• What you will do: Lines to return, exactly: from the line with "3 उपचुनावो की" to the line with "Single Family Residence" in the entries below, both included.

• Record extracts:
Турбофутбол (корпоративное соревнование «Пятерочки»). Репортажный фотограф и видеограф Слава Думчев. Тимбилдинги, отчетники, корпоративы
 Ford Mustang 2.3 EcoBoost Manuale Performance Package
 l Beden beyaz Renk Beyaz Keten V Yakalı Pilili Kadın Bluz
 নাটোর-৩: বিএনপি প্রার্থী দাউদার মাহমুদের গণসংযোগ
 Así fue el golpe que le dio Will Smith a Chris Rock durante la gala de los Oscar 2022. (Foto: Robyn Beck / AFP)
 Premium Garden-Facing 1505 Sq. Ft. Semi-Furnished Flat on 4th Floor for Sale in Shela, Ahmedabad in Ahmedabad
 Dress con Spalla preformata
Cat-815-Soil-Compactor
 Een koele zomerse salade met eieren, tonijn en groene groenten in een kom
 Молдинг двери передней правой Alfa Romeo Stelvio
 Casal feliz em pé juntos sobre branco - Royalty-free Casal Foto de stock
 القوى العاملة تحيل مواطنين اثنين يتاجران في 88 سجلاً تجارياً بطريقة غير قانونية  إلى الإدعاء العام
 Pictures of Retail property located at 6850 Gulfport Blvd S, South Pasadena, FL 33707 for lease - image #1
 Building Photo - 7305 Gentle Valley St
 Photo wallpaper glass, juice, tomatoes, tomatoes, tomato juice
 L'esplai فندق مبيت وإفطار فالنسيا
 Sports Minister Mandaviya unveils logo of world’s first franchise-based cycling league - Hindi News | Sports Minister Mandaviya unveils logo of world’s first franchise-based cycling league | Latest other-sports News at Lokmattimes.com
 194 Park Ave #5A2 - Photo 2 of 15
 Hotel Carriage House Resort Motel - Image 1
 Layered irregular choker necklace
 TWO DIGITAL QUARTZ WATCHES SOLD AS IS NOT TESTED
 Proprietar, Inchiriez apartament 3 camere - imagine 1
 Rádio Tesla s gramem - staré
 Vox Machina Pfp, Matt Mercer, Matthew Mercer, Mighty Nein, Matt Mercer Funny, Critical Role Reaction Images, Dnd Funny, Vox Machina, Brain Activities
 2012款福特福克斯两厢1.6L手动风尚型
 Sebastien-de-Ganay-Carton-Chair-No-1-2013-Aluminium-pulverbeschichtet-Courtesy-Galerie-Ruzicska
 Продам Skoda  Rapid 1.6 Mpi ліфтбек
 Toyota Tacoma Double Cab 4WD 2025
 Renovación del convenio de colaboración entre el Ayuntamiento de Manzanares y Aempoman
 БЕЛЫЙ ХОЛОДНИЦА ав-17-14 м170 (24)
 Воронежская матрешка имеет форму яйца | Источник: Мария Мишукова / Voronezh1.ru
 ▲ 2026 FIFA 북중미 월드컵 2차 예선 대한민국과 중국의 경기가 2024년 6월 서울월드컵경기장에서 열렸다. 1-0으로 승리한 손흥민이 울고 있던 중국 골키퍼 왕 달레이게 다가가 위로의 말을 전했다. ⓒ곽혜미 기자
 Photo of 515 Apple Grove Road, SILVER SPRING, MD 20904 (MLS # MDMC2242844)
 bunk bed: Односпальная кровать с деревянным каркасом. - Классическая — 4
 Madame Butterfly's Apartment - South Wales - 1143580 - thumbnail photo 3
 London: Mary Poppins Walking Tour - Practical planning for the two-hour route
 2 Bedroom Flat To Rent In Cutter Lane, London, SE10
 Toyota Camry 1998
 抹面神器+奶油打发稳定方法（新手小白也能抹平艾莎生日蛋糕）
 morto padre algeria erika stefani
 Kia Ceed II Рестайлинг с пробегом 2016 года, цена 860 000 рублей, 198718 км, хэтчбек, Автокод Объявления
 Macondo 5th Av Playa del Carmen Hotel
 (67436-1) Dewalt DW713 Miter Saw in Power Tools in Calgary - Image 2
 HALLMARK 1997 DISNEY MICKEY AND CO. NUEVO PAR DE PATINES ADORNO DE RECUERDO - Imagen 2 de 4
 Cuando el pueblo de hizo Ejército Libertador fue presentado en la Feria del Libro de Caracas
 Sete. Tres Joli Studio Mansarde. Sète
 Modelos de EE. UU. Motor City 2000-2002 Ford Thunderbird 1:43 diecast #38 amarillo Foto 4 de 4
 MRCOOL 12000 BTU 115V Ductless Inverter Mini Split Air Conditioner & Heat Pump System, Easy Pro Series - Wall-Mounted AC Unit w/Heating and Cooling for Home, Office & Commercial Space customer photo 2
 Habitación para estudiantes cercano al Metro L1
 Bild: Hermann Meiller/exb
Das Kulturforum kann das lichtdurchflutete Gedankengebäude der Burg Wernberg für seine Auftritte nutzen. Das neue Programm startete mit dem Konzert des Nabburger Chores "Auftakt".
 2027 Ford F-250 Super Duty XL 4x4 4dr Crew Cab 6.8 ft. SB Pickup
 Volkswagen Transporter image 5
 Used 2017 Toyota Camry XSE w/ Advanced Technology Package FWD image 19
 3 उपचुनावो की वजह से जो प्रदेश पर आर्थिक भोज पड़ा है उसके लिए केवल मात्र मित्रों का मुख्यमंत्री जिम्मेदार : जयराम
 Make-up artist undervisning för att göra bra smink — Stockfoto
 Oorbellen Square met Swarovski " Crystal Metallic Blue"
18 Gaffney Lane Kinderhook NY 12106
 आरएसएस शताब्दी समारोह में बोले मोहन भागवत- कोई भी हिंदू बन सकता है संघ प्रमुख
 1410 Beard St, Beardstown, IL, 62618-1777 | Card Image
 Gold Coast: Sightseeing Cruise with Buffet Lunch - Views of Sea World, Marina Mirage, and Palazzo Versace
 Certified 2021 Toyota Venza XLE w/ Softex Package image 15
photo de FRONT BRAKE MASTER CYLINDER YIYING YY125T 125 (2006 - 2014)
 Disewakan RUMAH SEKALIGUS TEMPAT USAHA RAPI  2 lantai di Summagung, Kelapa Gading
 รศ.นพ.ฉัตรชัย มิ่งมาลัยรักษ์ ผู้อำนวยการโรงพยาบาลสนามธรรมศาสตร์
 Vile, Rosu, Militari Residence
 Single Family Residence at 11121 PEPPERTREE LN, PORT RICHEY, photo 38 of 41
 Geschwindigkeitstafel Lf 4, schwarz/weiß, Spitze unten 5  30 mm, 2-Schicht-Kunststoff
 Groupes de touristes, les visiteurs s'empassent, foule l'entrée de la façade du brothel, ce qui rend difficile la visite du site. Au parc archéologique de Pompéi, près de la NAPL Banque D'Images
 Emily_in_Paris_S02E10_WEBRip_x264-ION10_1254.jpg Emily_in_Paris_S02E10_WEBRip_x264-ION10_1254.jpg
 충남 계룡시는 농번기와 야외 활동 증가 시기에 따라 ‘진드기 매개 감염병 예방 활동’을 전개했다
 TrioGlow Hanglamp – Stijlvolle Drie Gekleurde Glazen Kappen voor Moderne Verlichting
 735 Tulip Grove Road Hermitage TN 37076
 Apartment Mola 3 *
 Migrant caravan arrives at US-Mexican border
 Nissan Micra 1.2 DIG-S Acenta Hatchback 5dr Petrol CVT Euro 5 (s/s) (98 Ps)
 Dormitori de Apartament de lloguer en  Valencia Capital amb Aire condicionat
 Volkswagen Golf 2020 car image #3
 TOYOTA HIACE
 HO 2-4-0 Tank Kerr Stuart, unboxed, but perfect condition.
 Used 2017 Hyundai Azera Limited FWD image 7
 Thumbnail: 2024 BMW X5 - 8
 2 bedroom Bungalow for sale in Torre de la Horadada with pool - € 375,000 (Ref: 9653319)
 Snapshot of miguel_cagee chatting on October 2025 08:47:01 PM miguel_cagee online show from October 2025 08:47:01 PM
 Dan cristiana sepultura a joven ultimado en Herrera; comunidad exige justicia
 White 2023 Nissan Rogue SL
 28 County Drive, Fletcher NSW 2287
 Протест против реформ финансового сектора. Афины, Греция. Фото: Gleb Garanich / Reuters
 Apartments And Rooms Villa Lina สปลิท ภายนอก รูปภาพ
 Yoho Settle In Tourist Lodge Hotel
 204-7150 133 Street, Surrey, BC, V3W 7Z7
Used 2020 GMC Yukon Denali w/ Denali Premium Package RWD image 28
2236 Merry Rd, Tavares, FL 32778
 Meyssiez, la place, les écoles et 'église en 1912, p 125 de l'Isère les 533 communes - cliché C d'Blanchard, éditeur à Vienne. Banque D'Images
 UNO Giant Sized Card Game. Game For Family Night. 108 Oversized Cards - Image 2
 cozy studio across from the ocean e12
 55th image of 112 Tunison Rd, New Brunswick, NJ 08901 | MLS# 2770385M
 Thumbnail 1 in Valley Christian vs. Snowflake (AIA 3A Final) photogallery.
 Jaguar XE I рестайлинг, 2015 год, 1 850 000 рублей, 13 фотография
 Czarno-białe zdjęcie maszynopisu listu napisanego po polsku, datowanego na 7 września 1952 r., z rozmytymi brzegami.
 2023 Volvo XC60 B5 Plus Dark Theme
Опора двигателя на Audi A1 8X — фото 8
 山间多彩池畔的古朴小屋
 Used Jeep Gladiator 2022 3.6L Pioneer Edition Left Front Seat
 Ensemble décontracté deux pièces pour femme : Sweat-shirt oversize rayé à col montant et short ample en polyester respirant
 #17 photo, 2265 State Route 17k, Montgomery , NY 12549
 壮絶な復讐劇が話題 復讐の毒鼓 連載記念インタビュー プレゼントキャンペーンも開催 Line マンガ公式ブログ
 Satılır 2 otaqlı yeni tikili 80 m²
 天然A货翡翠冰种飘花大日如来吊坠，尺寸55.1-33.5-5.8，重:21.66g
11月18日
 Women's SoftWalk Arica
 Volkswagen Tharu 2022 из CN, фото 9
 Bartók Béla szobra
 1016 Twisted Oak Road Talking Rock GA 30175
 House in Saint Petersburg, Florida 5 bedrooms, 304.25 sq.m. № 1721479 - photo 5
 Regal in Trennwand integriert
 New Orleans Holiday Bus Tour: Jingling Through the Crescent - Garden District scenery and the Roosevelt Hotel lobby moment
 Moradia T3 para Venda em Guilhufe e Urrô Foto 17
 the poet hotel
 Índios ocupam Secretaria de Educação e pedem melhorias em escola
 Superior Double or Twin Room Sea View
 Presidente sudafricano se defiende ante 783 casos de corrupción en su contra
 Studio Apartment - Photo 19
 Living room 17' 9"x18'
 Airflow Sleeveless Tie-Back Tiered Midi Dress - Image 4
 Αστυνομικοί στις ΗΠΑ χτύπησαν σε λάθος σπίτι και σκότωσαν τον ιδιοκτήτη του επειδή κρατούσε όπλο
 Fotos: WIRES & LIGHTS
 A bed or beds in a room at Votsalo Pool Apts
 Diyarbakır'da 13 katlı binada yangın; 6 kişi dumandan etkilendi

• Solution for this task:
 3 उपचुनावो की वजह से जो प्रदेश पर आर्थिक भोज पड़ा है उसके लिए केवल मात्र मित्रों का मुख्यमंत्री जिम्मेदार : जयराम
 Make-up artist undervisning för att göra bra smink — Stockfoto
 Oorbellen Square met Swarovski " Crystal Metallic Blue"
18 Gaffney Lane Kinderhook NY 12106
 आरएसएस शताब्दी समारोह में बोले मोहन भागवत- कोई भी हिंदू बन सकता है संघ प्रमुख
 1410 Beard St, Beardstown, IL, 62618-1777 | Card Image
 Gold Coast: Sightseeing Cruise with Buffet Lunch - Views of Sea World, Marina Mirage, and Palazzo Versace
 Certified 2021 Toyota Venza XLE w/ Softex Package image 15
photo de FRONT BRAKE MASTER CYLINDER YIYING YY125T 125 (2006 - 2014)
 Disewakan RUMAH SEKALIGUS TEMPAT USAHA RAPI  2 lantai di Summagung, Kelapa Gading
 รศ.นพ.ฉัตรชัย มิ่งมาลัยรักษ์ ผู้อำนวยการโรงพยาบาลสนามธรรมศาสตร์
 Vile, Rosu, Militari Residence
 Single Family Residence at 11121 PEPPERTREE LN, PORT RICHEY, photo 38 of 41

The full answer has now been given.